* **What needs to be done**
The lines from the one containing "古着（フルギ）古着 (フルギ) バンドTシャツ" through the final line of the data below must be written out exactly, both included, and nothing more.

* **Provided data**
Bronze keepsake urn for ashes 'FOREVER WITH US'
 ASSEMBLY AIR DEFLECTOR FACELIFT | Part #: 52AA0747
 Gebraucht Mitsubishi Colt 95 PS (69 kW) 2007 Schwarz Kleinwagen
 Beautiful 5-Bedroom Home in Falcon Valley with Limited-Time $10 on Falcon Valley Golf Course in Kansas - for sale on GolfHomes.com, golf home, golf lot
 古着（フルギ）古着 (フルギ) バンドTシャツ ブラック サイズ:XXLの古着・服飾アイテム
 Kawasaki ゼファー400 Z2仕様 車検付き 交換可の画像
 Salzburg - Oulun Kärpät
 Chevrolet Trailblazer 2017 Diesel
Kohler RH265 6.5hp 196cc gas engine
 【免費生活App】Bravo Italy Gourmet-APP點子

* **Written response**
 古着（フルギ）古着 (フルギ) バンドTシャツ ブラック サイズ:XXLの古着・服飾アイテム
 Kawasaki ゼファー400 Z2仕様 車検付き 交換可の画像
 Salzburg - Oulun Kärpät
 Chevrolet Trailblazer 2017 Diesel
Kohler RH265 6.5hp 196cc gas engine
 【免費生活App】Bravo Italy Gourmet-APP點子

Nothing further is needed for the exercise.